Applies to the following strength(s): 125 mg/5 mLsodium 550 mgsodium 275 mg500 mg375 mg250 mg375 mg (as sodium)500 mg (as sodium)sodium 220 mgsodium750 mg (as sodium)500 mg with analgesic balmsodium varying strength

The information at Drugs.com is not a substitute for medical advice. ALWAYS consult your doctor or pharmacist.

Usual Adult Dose for:

Usual Pediatric Dose for:

Additional dosage information:

Usual Adult Dose for Ankylosing Spondylitis

Immediate Release Tablets and Suspension:
250 mg to 500 mg (naproxen) or 275 mg to 550 mg (naproxen sodium) orally twice a day

Controlled Release:
750 mg to 1000 mg orally once a day

Delayed Release:
375 mg to 500 mg orally twice a day

Comments:
-May increase to 1500 mg orally once a day for a limited time up to 6 months in patients requiring higher levels of anti-inflammatory/analgesic activity.
-When treating patients, especially at higher doses, sufficient increased clinical benefit should be observed to offset the potential for increased risk of adverse events.
-Symptomatic improvement of arthritis is usually observed within 1 week; however, treatment for 2 weeks may be required to achieve therapeutic benefit.

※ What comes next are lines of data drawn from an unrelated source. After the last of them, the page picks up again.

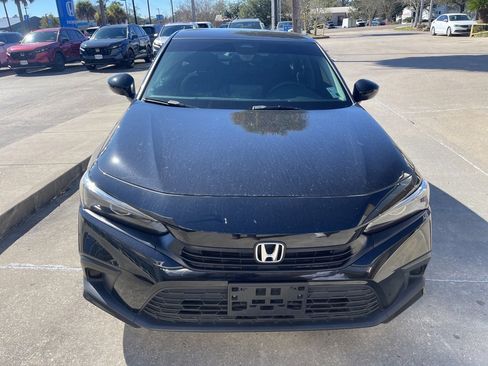 Used 2022 Honda Civic LX image 2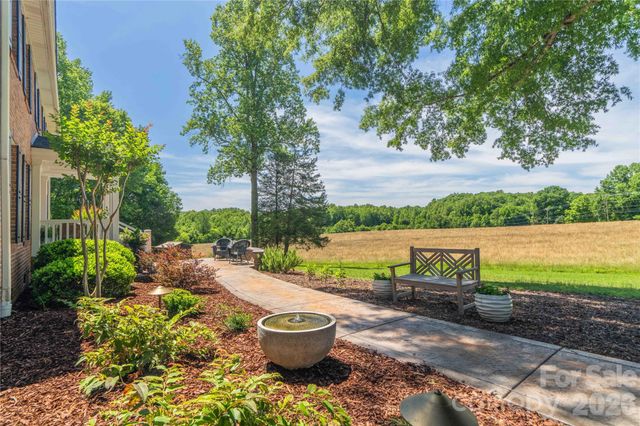 668 Link Road, Lexington, NC 27295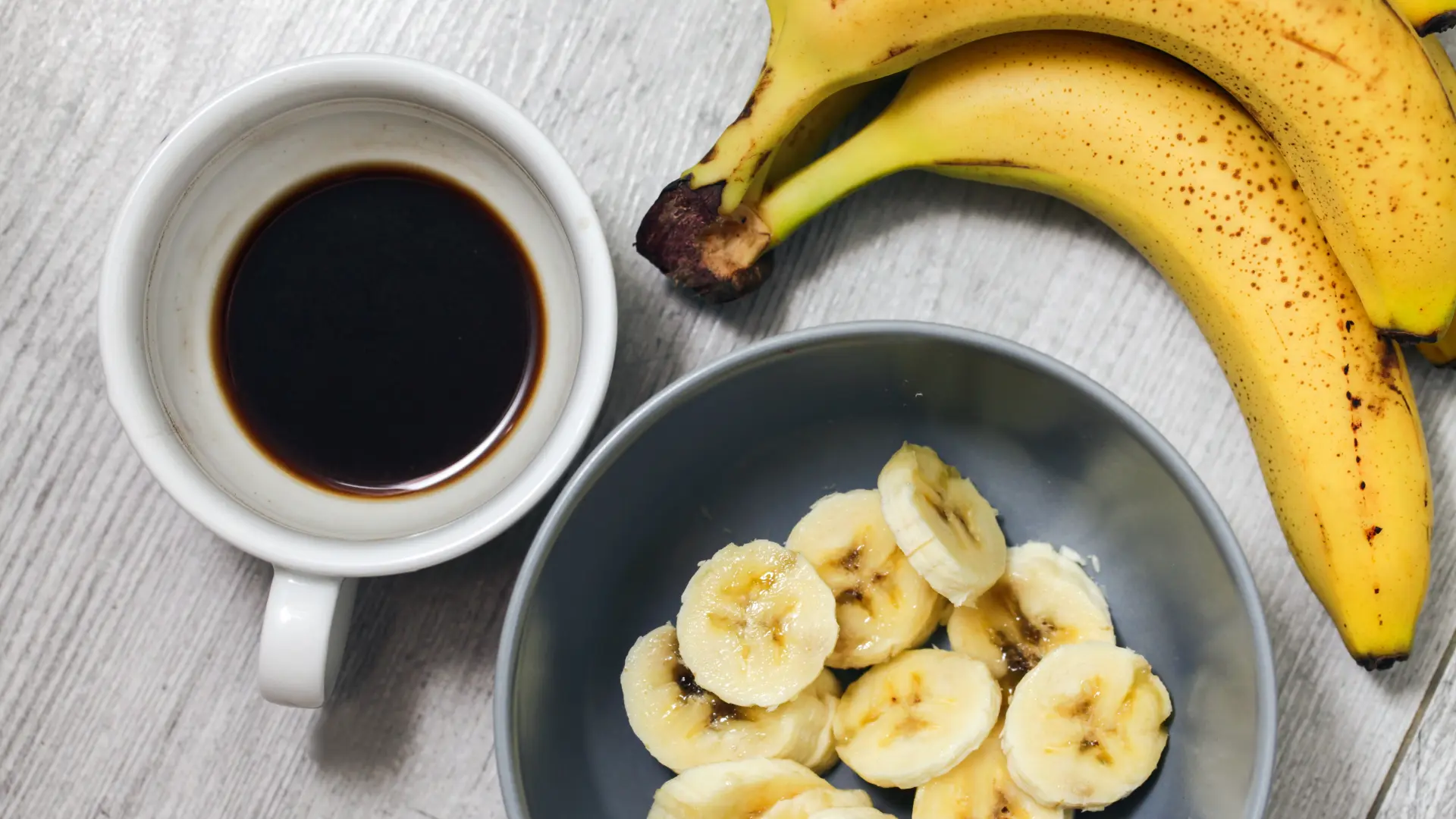 shutterstock_2425316955 kafa i banana banane-69e0872649c32.webp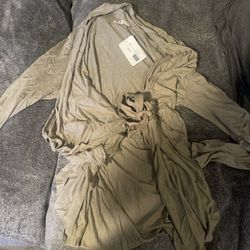 NWT Women’s Light Weight rayon Cardigan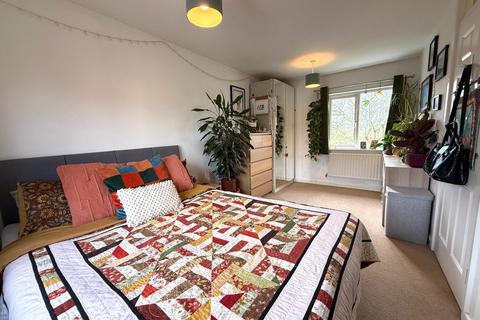2 bedroom detached house for sale, Broad Town, Swindon SN4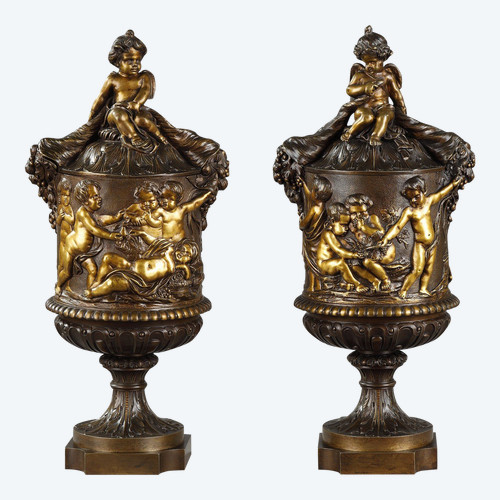 PAIR OF COVERED VASES, IN FINELY CHASED BRONZE WITH A RICH ROTATING DECORATION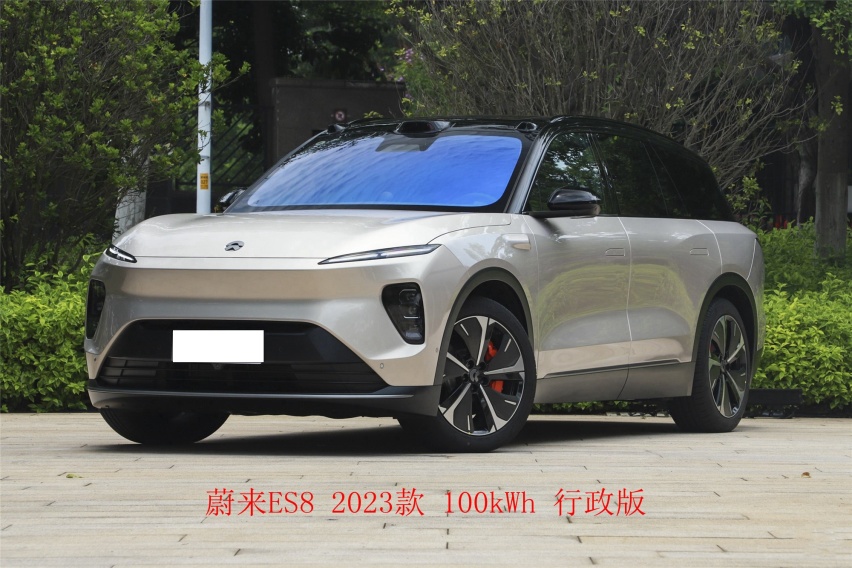 家用豪华SUV对决：蔚来ES8和宝马X5，预算60万选谁更明智？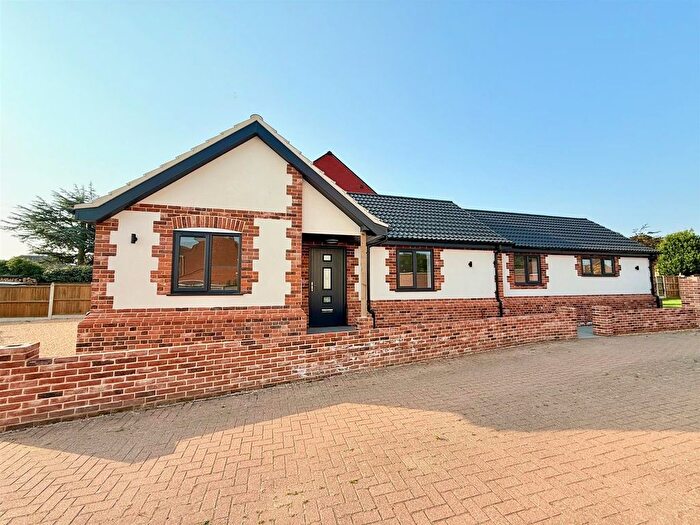 3 Bedroom Detached Bungalow For Sale In Bulmer Lane, Winterton-On-Sea, NR29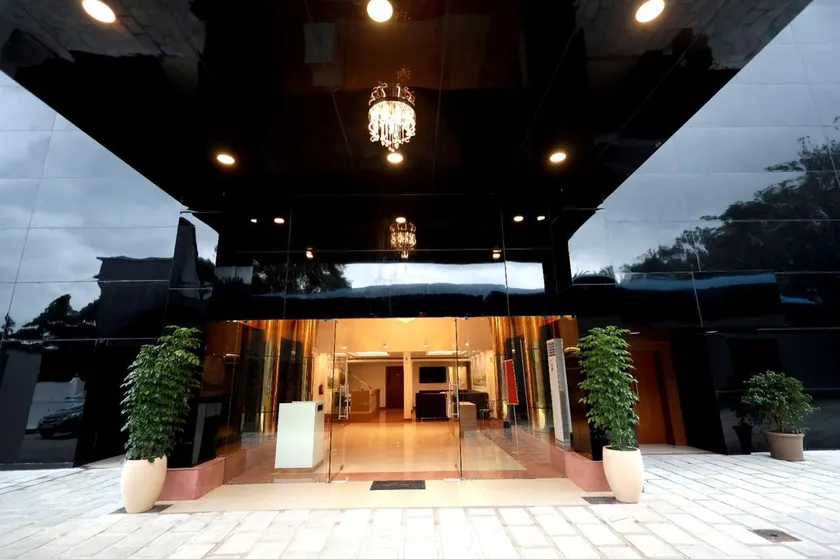 Pearl Residency - Image 1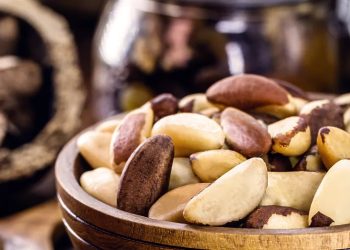Eat Brazil nuts, take fish oil supplements, drink caffeine and more health tips to help you have a great week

Uses: For the relief of signs and symptoms of rheumatoid arthritis, osteoarthritis, and ankylosing spondylitis

Usual Adult Dose for Osteoarthritis

Immediate Release Tablets and Suspension:
250 mg to 500 mg (naproxen) or 275 mg to 550 mg (naproxen sodium) orally twice a day

Controlled Release:
750 mg to 1000 mg orally once a day

Delayed Release:
375 mg to 500 mg orally twice a day

Comments:
-May increase to 1500 mg orally once a day for a limited time up to 6 months in patients requiring higher levels of anti-inflammatory/analgesic activity.
-When treating patients, especially at higher doses, sufficient increased clinical benefit should be observed to offset the potential for increased risk of adverse events.
-Symptomatic improvement of arthritis is usually observed within 1 week; however, treatment for 2 weeks may be required to achieve therapeutic benefit.

Uses: For the relief of signs and symptoms of rheumatoid arthritis, osteoarthritis, and ankylosing spondylitis

Usual Adult Dose for Rheumatoid Arthritis

Immediate Release Tablets and Suspension:
250 mg to 500 mg (naproxen) or 275 mg to 550 mg (naproxen sodium) orally twice a day

Controlled Release:
750 mg to 1000 mg orally once a day

Delayed Release:
375 mg to 500 mg orally twice a day

Comments:
-May increase to 1500 mg orally once a day for a limited time up to 6 months in patients requiring higher levels of anti-inflammatory/analgesic activity.
-When treating patients, especially at higher doses, sufficient increased clinical benefit should be observed to offset the potential for increased risk of adverse events.
-Symptomatic improvement of arthritis is usually observed within 1 week; however, treatment for 2 weeks may be required to achieve therapeutic benefit.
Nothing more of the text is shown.